Lacunes et diversions de la Corporate Gouvernance : la réplique du modèle américain en France

La « gouvernance » est le terme largement employé pour décrire la morale économique et la concertation responsable de ses parties prenantes. Travailler sur la gouvernance créditerait l’entreprise d’une intention vertueuse et exemplaire. La gouvernance est un concept américain appliqué en France sans prendre en compte les codes, pratiques, rites et représentations françaises et sans faire preuve de créativité adaptatrice. Encore aujourd’hui la gouvernance est la vertu cardinale à suivre alors que son modèle a largement démontré ses lacunes et ses diversions.

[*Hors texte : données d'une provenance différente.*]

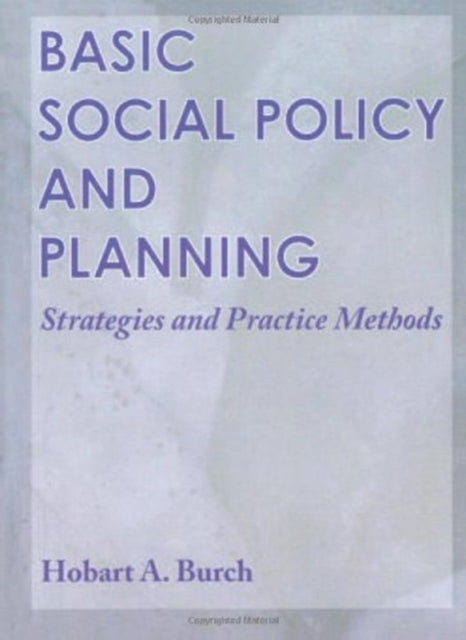 Book cover of: Basic Social Policy and Planning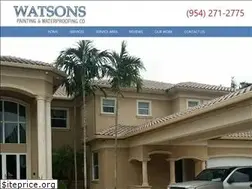 Sites similar to watsons-painting-waterproofing.com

En France, les privatisations et l’ouverture du marché aux investisseurs étrangers ont favorisé le rapide développement d’un nouvel actionnariat, souvent peu familier des règles et des pratiques de fonctionnement des conseils d’administration des sociétés cotées françaises. Ainsi, les actionnaires américains ont demandé de décliner le principe de « corporate governance » qui s’est imposé non seulement en France mais aussi dans le monde, générant ainsi les critères de gestion, les règles comptables et les principes de valorisation d’une entreprise. En France, ce sont les Rapports Viénot de 1995 et 1999 qui détaillent ces nouveaux codes de la « bonne » gouvernance à respecter. La valeur actionnariale a donc primé sur les investissements productifs et la création des capacités futures. La progression du taux de rendement global des actions s’est alors faite au détriment du développement de la capacité d’innovation et de la progression de la justice sociale. A titre d’exemple, les entreprises américaines ont dépensé de 30 à 80% de leurs bénéfices annuels pour soutenir leur cours de bourse, mais en sacrifiant les investissements. Les entreprises américaines ont cependant une capacité de résilience et d’adaptation opportuniste qui leur permette de passer (d’expérimenter) à un autre modèle… ce que n’ont pas les entreprises françaises.